How to complete this task — Keep the images out and set the listing below down word for word.

━━ Supplied material

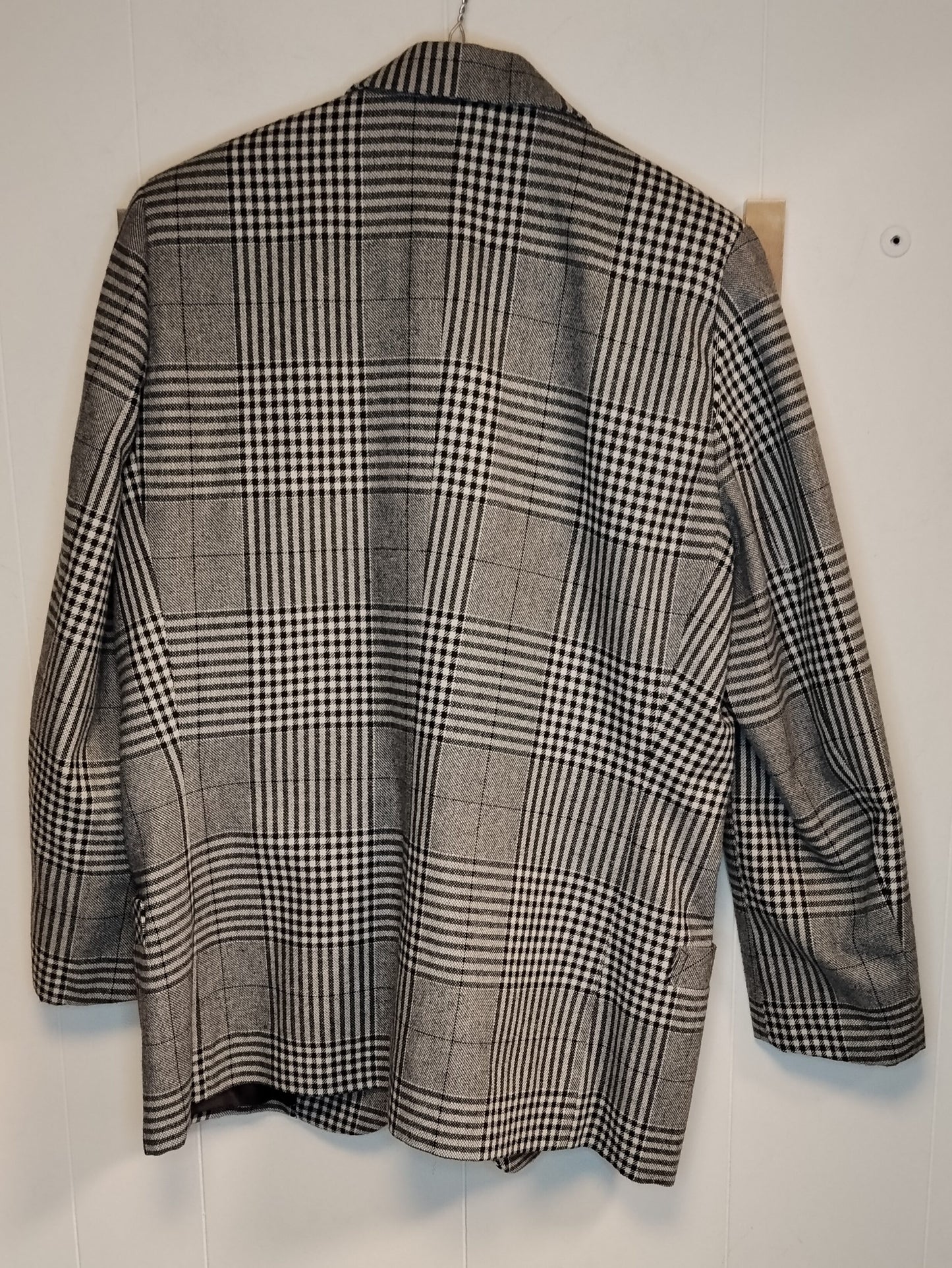 Blazer Donna Blumode Quadri Bianco Nero Taglia 42 Elegante
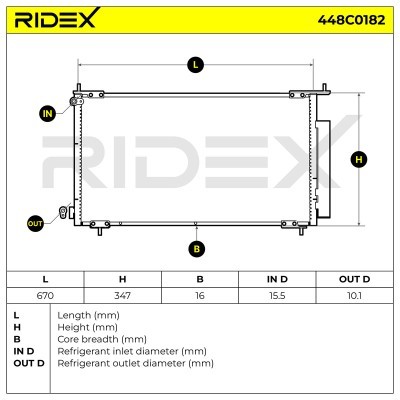 A/C condenser 448C0182 - photo 7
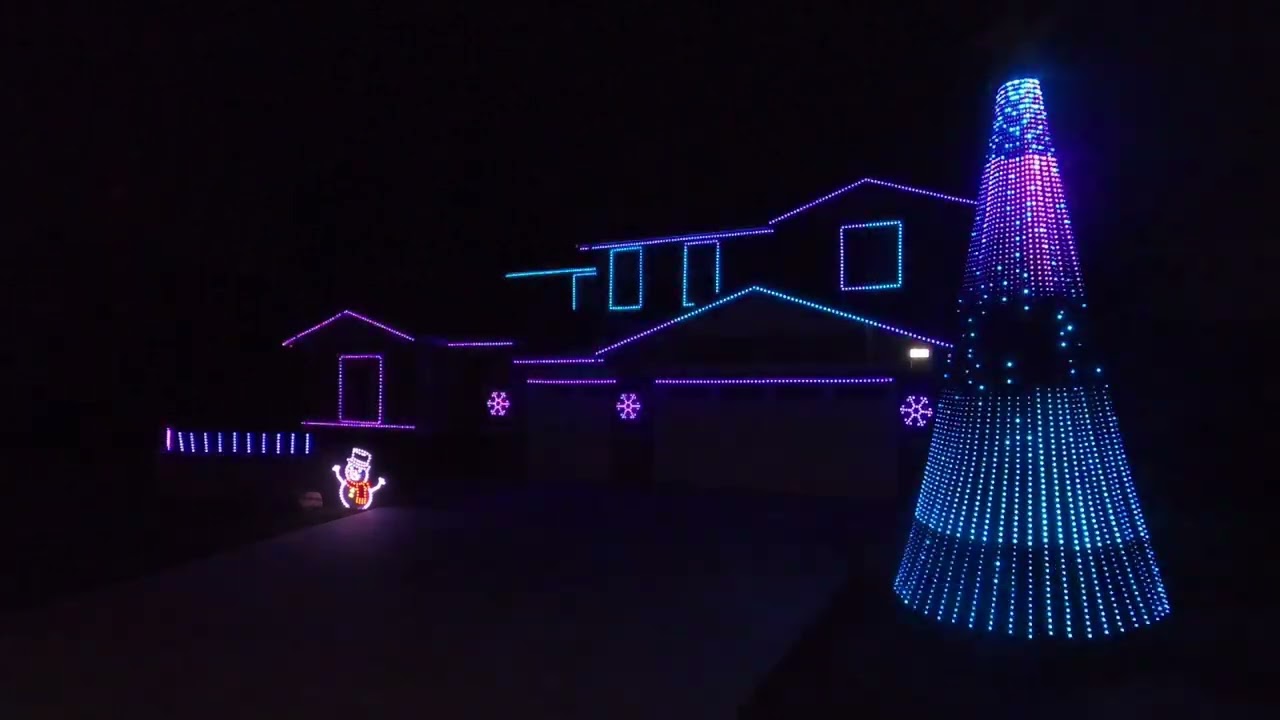 Jump by Van Halen- synchronized light show- Lights on Quarter Horse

━━━━

Written solution —
 Blazer Donna Blumode Quadri Bianco Nero Taglia 42 Elegante
 A/C condenser 448C0182 - photo 7
 Jump by Van Halen- synchronized light show- Lights on Quarter Horse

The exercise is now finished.